- **Work request**:
Will you quote only the lines starting at the one that contains "Princess school girl." and ending with the last line of the listing below, inclusive?

- **Listed entries**:

"""

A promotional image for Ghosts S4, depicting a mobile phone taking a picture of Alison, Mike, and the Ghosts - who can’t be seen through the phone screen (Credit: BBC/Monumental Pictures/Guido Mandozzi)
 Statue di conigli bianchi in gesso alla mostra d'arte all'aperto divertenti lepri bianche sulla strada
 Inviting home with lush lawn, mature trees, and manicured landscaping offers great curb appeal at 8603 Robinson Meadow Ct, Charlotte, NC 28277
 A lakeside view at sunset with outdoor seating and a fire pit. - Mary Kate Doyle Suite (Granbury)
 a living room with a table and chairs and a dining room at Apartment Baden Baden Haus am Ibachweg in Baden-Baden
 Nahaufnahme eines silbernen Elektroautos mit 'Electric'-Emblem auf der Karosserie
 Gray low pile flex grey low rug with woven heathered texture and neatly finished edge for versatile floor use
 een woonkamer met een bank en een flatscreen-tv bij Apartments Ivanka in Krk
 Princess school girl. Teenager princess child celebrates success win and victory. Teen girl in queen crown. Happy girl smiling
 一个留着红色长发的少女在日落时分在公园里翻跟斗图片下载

"""

- **Finished exercise**:
 Princess school girl. Teenager princess child celebrates success win and victory. Teen girl in queen crown. Happy girl smiling
 一个留着红色长发的少女在日落时分在公园里翻跟斗图片下载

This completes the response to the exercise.